> _REQUIRED ACTION_: Setting aside any pictures, reproduce the data exactly.

> _SUPPLIED INFORMATION_:
***

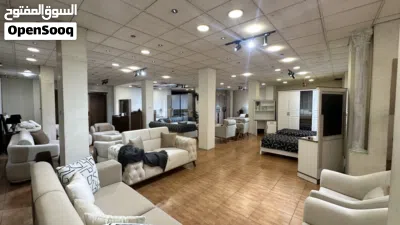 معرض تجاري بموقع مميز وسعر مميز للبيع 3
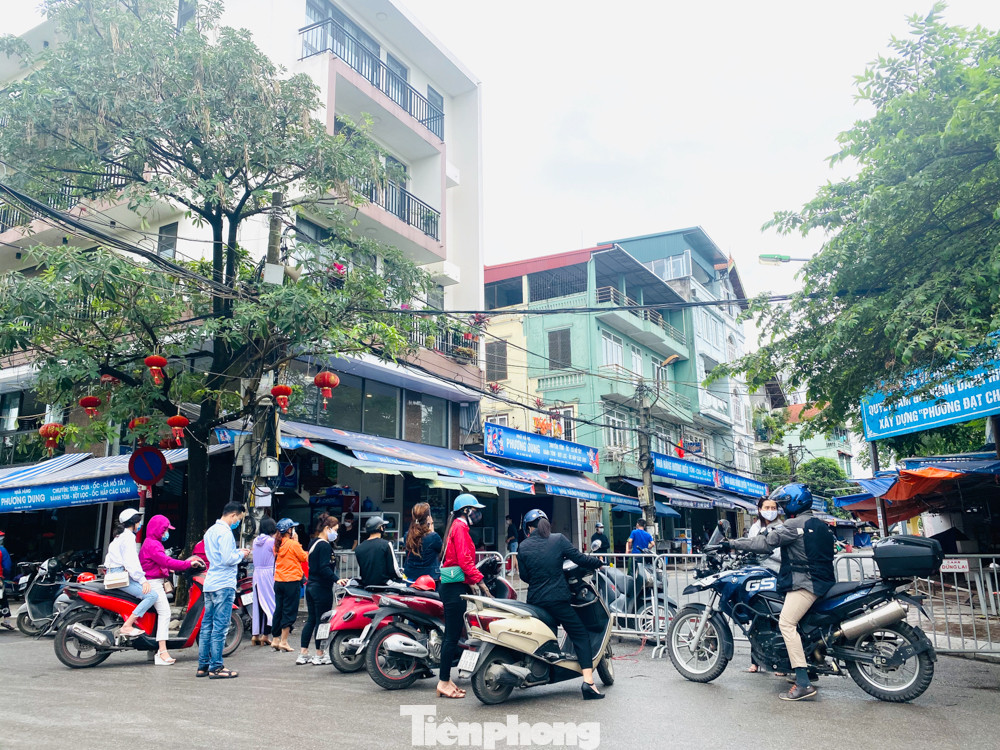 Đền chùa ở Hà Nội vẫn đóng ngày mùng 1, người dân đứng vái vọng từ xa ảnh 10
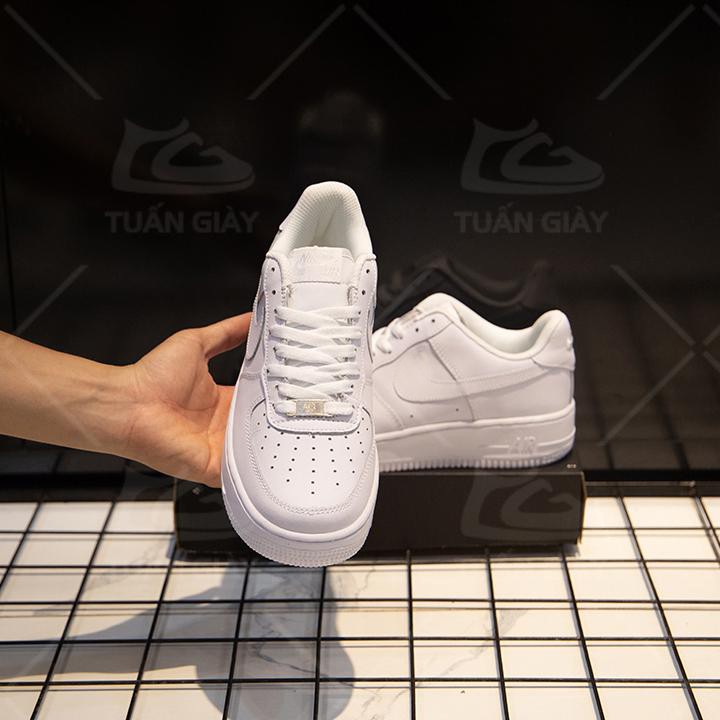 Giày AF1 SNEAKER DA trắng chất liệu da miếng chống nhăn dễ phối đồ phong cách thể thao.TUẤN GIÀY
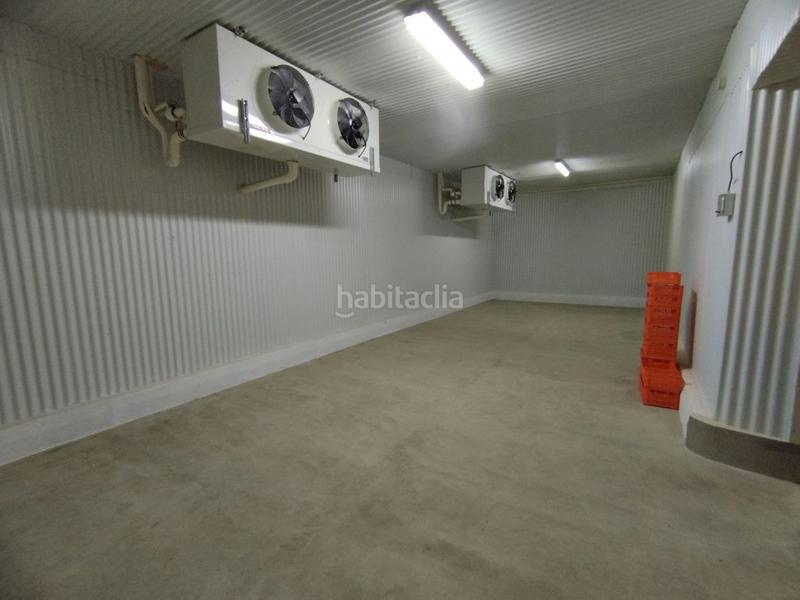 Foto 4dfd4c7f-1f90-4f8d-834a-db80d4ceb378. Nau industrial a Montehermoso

***

> _ANSWER SECTION_:
 معرض تجاري بموقع مميز وسعر مميز للبيع 3
 Đền chùa ở Hà Nội vẫn đóng ngày mùng 1, người dân đứng vái vọng từ xa ảnh 10
 Giày AF1 SNEAKER DA trắng chất liệu da miếng chống nhăn dễ phối đồ phong cách thể thao.TUẤN GIÀY
 Foto 4dfd4c7f-1f90-4f8d-834a-db80d4ceb378. Nau industrial a Montehermoso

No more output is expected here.